Work to be completed:
Each line of the records below that holds "Horizontal" should be returned.

Entries supplied:
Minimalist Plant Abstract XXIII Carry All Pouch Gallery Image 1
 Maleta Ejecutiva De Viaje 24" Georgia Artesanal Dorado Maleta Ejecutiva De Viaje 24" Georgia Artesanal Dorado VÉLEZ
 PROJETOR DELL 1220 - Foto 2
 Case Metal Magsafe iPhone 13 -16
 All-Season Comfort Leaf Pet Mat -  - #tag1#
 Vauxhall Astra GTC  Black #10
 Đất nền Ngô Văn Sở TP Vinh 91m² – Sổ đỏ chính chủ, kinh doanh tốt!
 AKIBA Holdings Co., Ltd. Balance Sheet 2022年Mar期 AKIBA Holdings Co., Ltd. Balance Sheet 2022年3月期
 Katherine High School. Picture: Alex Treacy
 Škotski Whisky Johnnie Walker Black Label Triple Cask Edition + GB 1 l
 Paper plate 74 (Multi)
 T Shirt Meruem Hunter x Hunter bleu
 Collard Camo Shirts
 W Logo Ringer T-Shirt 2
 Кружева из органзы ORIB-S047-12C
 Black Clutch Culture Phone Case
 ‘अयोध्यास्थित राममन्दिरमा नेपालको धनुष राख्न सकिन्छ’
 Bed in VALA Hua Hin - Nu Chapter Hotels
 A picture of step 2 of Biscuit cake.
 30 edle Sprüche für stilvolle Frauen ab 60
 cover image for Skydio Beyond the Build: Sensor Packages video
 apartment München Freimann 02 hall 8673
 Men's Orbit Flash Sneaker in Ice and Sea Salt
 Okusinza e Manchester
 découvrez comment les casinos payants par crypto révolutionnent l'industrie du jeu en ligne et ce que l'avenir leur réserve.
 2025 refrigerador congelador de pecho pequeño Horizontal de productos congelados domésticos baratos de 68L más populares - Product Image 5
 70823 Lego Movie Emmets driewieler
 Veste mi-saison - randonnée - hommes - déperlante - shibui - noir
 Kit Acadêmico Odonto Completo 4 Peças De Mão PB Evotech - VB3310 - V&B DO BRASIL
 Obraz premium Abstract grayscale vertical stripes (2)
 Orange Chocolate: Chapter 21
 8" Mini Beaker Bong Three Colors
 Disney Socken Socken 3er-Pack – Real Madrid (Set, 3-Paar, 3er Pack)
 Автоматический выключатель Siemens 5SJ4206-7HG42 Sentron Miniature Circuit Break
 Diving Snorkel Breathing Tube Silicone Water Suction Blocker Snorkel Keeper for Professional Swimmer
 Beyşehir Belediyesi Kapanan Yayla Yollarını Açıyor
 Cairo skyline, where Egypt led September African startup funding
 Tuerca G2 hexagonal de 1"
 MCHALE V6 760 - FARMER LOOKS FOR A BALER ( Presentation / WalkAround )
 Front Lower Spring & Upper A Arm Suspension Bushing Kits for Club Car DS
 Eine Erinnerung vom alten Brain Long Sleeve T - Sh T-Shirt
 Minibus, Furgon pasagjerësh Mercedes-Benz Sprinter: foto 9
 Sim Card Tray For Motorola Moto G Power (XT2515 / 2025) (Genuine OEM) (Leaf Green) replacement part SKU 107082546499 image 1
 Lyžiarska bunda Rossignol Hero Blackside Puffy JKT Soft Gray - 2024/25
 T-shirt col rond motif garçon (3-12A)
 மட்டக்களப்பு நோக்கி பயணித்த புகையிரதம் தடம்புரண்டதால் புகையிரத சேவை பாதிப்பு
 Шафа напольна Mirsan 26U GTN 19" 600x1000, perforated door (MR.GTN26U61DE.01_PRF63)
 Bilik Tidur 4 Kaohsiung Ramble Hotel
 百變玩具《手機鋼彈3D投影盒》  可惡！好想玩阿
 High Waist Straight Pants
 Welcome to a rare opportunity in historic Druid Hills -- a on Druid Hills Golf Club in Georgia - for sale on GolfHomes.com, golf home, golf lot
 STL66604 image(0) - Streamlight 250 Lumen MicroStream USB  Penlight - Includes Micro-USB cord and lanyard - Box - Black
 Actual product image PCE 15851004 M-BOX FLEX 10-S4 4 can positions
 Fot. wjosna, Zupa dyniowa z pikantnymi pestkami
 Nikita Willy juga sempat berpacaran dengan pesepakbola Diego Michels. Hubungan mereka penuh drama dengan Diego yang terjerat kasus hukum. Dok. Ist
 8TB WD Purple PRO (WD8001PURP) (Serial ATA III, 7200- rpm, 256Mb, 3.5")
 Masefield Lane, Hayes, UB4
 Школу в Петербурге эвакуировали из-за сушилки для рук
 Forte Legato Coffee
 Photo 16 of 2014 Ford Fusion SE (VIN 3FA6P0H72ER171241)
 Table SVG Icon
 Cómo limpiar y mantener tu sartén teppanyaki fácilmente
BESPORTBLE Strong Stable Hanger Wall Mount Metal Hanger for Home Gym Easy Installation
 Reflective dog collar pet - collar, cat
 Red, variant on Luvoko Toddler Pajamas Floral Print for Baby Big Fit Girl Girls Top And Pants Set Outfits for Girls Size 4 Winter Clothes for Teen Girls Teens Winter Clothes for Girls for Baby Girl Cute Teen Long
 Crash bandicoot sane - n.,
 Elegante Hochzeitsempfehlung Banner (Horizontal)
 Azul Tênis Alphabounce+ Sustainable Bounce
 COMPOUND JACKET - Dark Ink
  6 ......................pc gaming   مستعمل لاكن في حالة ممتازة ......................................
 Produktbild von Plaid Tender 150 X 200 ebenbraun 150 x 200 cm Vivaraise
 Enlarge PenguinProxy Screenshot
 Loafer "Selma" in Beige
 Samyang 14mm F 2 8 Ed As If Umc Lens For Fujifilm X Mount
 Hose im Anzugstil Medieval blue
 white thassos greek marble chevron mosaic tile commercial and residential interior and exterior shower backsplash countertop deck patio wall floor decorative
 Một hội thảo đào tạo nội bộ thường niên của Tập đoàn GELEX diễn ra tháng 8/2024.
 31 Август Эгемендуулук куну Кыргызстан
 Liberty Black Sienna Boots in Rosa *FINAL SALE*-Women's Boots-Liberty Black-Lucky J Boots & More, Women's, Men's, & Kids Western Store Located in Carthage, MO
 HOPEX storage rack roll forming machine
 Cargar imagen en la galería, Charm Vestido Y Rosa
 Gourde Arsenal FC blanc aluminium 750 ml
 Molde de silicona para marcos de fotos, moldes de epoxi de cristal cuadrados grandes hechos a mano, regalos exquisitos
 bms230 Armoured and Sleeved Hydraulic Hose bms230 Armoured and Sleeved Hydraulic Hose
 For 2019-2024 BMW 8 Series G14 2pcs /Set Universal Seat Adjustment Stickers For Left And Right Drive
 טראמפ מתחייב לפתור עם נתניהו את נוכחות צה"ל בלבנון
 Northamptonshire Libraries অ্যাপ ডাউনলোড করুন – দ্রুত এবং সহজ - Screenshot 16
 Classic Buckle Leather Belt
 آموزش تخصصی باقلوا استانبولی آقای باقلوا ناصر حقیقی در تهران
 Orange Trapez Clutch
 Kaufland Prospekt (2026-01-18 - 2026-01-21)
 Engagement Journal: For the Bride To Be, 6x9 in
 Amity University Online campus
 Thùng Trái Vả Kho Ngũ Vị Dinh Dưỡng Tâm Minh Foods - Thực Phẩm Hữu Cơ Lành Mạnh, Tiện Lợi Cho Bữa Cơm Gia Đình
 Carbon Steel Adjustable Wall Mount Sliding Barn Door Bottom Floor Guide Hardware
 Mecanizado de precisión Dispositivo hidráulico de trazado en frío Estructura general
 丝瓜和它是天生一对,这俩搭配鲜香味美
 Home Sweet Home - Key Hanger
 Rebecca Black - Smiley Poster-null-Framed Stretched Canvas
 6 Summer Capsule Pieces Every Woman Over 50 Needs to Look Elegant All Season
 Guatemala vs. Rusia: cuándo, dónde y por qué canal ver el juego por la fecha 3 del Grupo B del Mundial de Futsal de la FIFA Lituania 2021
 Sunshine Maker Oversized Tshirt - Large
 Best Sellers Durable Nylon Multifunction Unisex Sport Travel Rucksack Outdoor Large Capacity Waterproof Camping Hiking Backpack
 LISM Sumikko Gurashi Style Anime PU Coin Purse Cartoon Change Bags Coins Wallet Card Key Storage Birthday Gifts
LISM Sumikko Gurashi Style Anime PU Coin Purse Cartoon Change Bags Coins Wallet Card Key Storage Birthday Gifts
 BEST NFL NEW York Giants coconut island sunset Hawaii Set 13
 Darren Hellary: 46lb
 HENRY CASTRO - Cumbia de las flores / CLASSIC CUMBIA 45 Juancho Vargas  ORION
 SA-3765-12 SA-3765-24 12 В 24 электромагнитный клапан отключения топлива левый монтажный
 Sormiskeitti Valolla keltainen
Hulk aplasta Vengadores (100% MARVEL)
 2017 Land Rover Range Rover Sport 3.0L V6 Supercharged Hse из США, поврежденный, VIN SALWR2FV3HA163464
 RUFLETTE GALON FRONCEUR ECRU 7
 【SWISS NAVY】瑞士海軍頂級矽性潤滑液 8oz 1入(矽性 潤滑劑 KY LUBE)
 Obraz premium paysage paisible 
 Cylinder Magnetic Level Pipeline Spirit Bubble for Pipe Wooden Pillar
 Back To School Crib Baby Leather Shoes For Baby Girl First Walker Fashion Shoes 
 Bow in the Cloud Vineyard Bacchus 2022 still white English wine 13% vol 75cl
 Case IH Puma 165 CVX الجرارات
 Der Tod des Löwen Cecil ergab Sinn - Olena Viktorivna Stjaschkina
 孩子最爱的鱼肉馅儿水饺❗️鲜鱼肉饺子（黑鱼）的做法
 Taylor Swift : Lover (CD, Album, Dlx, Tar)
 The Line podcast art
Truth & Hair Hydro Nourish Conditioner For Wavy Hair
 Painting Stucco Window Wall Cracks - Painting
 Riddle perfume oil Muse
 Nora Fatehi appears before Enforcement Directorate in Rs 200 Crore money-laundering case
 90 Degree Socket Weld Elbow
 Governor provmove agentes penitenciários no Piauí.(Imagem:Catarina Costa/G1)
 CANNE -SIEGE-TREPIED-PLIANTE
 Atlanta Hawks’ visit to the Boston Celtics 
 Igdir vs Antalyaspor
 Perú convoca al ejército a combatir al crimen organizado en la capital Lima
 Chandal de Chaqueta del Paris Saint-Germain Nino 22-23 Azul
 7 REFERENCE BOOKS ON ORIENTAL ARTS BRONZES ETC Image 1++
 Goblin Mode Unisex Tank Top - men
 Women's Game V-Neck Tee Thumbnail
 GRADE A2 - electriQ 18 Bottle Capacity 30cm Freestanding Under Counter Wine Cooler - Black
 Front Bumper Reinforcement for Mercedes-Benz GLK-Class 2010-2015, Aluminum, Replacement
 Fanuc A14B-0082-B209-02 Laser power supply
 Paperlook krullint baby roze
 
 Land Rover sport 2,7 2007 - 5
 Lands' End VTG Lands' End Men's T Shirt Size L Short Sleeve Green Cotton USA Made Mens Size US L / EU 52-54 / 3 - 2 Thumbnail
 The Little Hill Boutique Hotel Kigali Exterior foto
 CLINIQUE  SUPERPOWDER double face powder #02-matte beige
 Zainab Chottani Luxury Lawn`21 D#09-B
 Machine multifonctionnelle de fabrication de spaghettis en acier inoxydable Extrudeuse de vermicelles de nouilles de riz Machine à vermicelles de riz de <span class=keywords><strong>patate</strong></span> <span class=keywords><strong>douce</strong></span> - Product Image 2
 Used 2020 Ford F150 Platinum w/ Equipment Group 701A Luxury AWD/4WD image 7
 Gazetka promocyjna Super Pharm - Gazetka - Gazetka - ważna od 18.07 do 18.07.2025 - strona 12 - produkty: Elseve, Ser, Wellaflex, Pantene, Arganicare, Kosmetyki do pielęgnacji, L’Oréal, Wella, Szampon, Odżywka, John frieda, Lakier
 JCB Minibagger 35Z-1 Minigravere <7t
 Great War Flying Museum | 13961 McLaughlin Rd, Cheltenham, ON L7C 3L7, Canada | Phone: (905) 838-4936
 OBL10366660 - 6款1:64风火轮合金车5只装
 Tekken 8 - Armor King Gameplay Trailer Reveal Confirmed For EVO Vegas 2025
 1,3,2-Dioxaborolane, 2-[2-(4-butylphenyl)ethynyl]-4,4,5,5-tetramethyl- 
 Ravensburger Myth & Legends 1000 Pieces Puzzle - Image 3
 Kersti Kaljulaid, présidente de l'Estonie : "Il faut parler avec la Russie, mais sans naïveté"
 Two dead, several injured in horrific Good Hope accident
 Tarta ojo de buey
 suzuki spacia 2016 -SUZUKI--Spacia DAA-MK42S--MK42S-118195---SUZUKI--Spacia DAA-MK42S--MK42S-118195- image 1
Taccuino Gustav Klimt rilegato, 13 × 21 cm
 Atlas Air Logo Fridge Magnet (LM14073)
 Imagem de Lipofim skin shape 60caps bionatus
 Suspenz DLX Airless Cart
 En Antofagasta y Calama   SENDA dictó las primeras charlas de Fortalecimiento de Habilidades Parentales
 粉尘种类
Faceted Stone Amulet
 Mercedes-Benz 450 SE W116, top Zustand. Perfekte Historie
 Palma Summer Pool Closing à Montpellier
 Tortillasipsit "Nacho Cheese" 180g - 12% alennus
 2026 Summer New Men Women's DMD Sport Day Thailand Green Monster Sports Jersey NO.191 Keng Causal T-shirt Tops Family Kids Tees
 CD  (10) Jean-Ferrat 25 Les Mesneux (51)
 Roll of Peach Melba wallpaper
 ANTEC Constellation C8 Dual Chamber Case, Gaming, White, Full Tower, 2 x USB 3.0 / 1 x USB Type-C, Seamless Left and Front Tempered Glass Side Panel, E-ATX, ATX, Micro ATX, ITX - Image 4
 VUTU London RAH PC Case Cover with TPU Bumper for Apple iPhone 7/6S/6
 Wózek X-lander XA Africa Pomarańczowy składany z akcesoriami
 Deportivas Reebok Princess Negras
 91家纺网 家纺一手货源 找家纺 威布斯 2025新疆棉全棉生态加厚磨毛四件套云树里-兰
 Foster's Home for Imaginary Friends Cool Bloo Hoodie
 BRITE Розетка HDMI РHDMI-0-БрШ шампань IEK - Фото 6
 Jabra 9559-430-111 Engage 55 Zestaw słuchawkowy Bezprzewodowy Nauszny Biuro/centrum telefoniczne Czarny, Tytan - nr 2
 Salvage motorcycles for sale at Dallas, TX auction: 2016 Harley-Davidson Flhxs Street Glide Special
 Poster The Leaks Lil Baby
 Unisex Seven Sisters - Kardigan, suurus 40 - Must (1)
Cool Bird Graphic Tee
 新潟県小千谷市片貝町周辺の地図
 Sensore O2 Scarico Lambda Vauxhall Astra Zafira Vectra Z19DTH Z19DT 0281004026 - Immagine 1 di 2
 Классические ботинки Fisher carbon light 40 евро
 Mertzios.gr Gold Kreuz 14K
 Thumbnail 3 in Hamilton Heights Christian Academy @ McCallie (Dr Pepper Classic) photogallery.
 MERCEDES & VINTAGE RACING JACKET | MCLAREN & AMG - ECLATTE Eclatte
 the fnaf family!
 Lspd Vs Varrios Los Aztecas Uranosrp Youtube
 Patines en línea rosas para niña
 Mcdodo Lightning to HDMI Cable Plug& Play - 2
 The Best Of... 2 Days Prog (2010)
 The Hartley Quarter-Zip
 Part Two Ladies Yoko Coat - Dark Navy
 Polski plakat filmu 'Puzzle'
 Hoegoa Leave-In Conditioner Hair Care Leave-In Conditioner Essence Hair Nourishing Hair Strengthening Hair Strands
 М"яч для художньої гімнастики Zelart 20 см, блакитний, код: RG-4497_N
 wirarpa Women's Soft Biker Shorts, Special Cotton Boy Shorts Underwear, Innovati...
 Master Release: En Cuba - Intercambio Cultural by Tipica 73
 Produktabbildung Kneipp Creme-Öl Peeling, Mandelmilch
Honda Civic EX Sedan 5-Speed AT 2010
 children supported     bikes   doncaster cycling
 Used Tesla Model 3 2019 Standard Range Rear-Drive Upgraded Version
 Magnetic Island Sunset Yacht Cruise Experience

Task result:
 2025 refrigerador congelador de pecho pequeño Horizontal de productos congelados domésticos baratos de 68L más populares - Product Image 5
 Elegante Hochzeitsempfehlung Banner (Horizontal)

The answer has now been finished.